**Goal of the exercise:**
All that is needed is the line containing "Vintage Bird Print, Framed" together with each line after it, transcribed exactly to the end of the records.

Saved data entries
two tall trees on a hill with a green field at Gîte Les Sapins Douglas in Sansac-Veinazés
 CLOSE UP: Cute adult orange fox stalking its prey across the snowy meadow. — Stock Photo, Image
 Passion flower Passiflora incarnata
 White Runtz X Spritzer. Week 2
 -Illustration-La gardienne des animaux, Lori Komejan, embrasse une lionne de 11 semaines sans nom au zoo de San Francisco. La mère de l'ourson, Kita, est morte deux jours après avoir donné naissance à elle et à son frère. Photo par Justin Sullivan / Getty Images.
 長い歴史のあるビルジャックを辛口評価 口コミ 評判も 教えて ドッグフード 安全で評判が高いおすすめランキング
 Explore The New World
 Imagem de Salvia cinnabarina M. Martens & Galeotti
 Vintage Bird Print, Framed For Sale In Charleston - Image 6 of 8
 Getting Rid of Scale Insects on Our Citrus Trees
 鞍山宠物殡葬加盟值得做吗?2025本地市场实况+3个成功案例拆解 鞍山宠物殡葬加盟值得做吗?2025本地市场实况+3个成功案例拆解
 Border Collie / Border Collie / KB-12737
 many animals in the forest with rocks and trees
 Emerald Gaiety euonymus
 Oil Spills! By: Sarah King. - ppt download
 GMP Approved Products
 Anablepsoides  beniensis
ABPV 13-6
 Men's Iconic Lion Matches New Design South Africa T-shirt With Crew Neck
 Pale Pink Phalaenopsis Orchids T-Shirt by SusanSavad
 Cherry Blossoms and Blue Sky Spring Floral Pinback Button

**Solved problem:**
 Vintage Bird Print, Framed For Sale In Charleston - Image 6 of 8
 Getting Rid of Scale Insects on Our Citrus Trees
 鞍山宠物殡葬加盟值得做吗?2025本地市场实况+3个成功案例拆解 鞍山宠物殡葬加盟值得做吗?2025本地市场实况+3个成功案例拆解
 Border Collie / Border Collie / KB-12737
 many animals in the forest with rocks and trees
 Emerald Gaiety euonymus
 Oil Spills! By: Sarah King. - ppt download
 GMP Approved Products
 Anablepsoides  beniensis
ABPV 13-6
 Men's Iconic Lion Matches New Design South Africa T-shirt With Crew Neck
 Pale Pink Phalaenopsis Orchids T-Shirt by SusanSavad
 Cherry Blossoms and Blue Sky Spring Floral Pinback Button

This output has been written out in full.